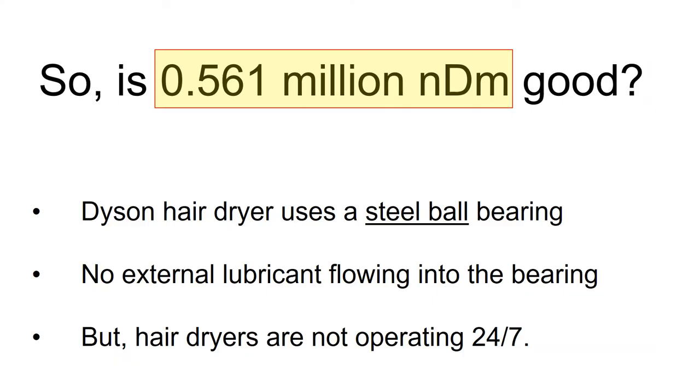So is half a million NDM a good number? The half a million NDM is a pretty high number, considering that the Dyson hairdryer is using a steel ball bearing and there is no external lubricant flowing into the bearing to cool it down. However, hairdryers are not operating 24/7, which means a high NDM number can be acceptable for sporadic operation.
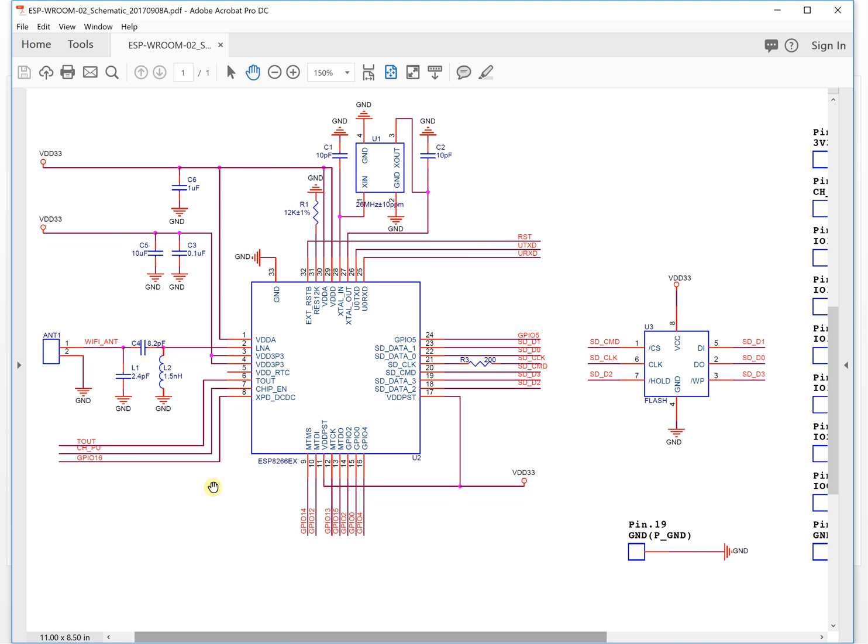This is the antenna match network - it's a pi network. This is a capacitor for power noise filtering. This is the crystal. This is the flash memory and this is a resistor. You can see the minimum system is right here - it is very simple.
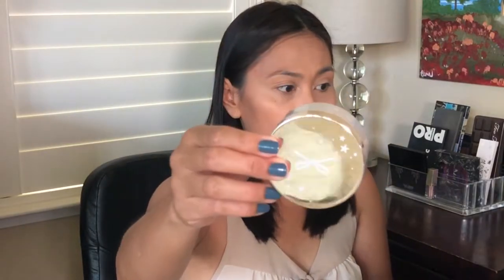Next is powder. My powder is the Ciate London Translucent Powder. What sets this apart from all the other powders I've tried is that it has some brightening properties. It brightens my face, it mattifies my face, makes the makeup last longer, and at the same time it brightens my under eyes.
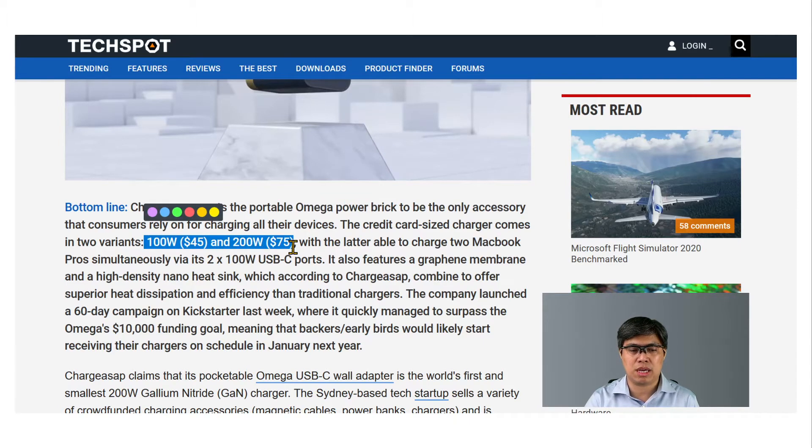It comes in two versions: a 100-watt power brick which costs around $50, roughly 2,500 pesos, or the 200-watt version which is around $80, about 4,000 pesos. So it's somewhat affordable and comparable to other competing brands such as Anker.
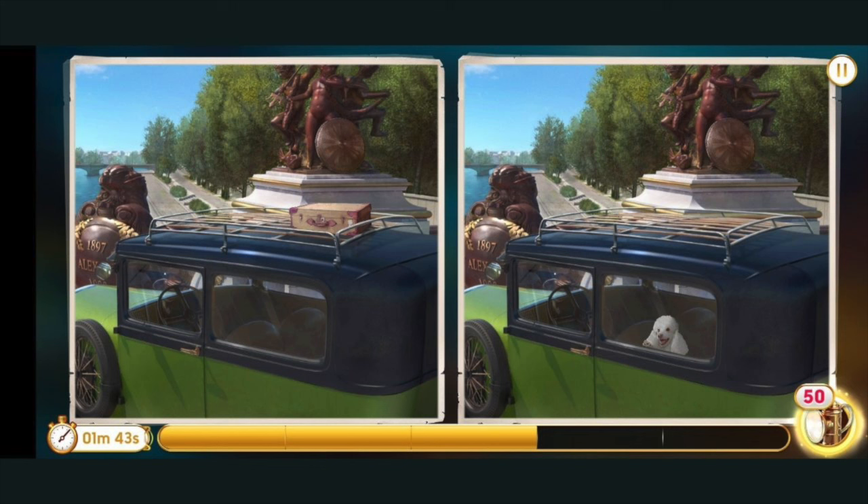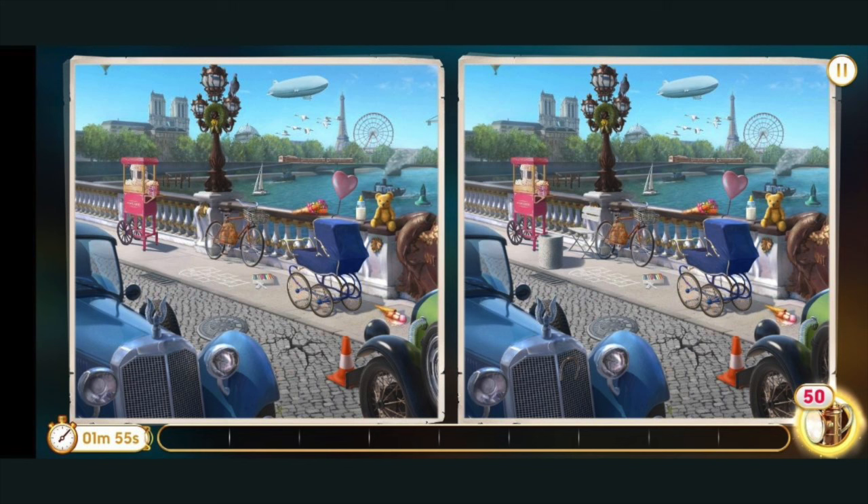Let's practice on a June's Journey spot the difference image. Round 1 is quite simple — there are only two differences. Let your eyes relax and get used to it. Now let's try again for another round, and let me know in the comments below how many differences you can see.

__Aim of the task__
From the line that contains "It comes in" to the end of the material above, output every line exactly, both ends included, but leave out any pictures.

__Response__
It comes in two versions: a 100-watt power brick which costs around $50, roughly 2,500 pesos, or the 200-watt version which is around $80, about 4,000 pesos. So it's somewhat affordable and comparable to other competing brands such as Anker.
Let's practice on a June's Journey spot the difference image. Round 1 is quite simple — there are only two differences. Let your eyes relax and get used to it. Now let's try again for another round, and let me know in the comments below how many differences you can see.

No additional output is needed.